**SOURCE DATA**
⁂

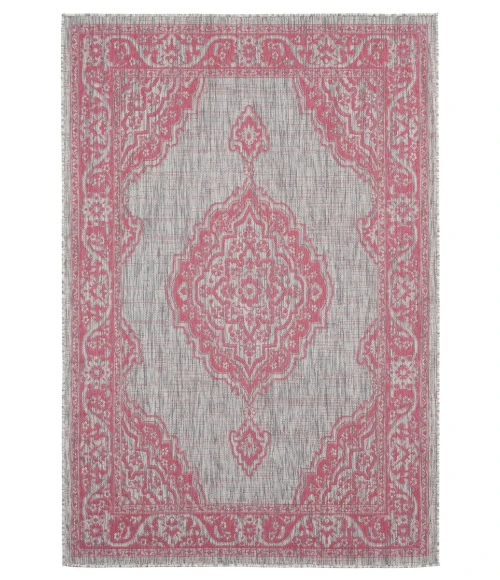 United Weavers Augusta Pink 3900-10286 5 ft. 3 in. X 7 ft. 6 in. Rectangle Rug
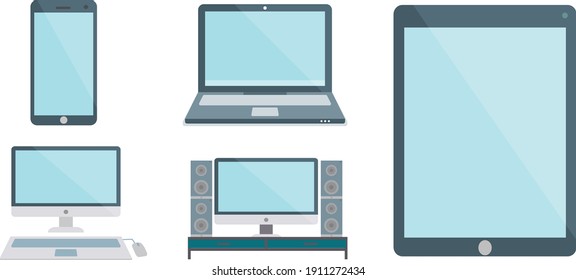 Educational items with educational elements vector illustration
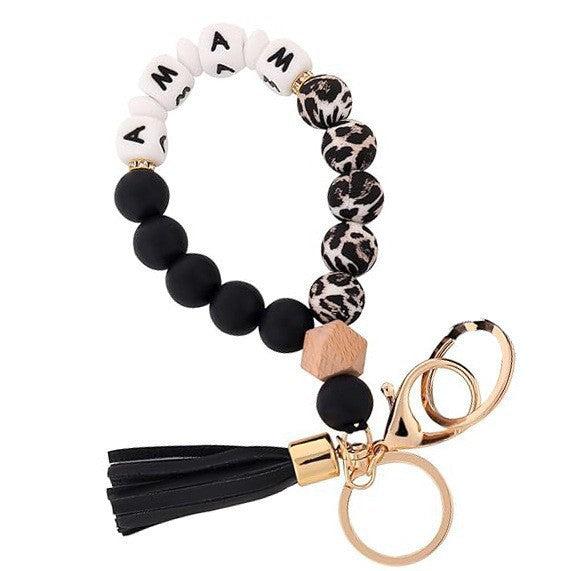 PU Tassel Keychain Women&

⁂

**WHAT IS NEEDED**
Nothing but the lines from the one containing "Educational items with" through the end of the listing should be printed, each exactly as it appears and without pictures.

**TASK RESPONSE**
 Educational items with educational elements vector illustration
 PU Tassel Keychain Women&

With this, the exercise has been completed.